--- SUPPLIED INFORMATION Enclosed Below ---

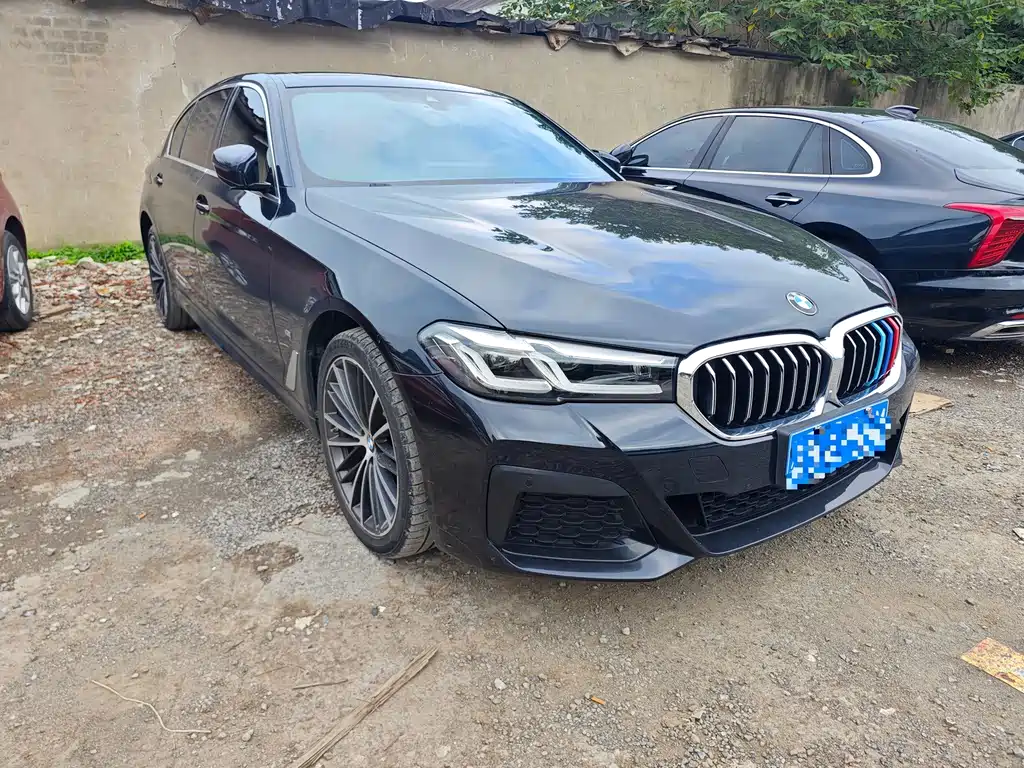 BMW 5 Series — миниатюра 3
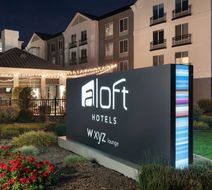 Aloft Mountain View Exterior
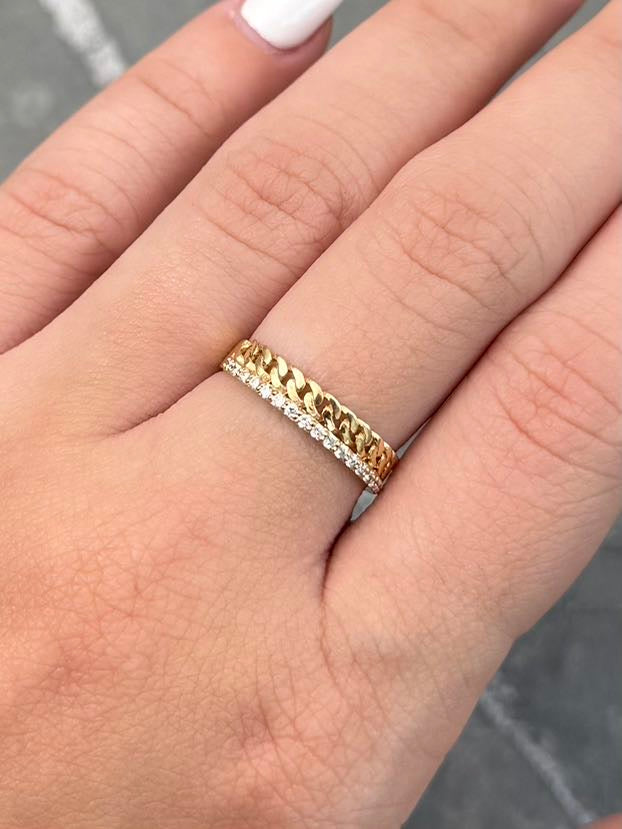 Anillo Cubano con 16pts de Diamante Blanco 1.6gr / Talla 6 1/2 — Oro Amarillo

--- End of Enclosed SUPPLIED INFORMATION ---

> **ASSIGNED TASK**: Please reproduce each line of the listing above exactly, skipping pictures.

> **WRITTEN REPLY**:
 BMW 5 Series — миниатюра 3
 Aloft Mountain View Exterior
 Anillo Cubano con 16pts de Diamante Blanco 1.6gr / Talla 6 1/2 — Oro Amarillo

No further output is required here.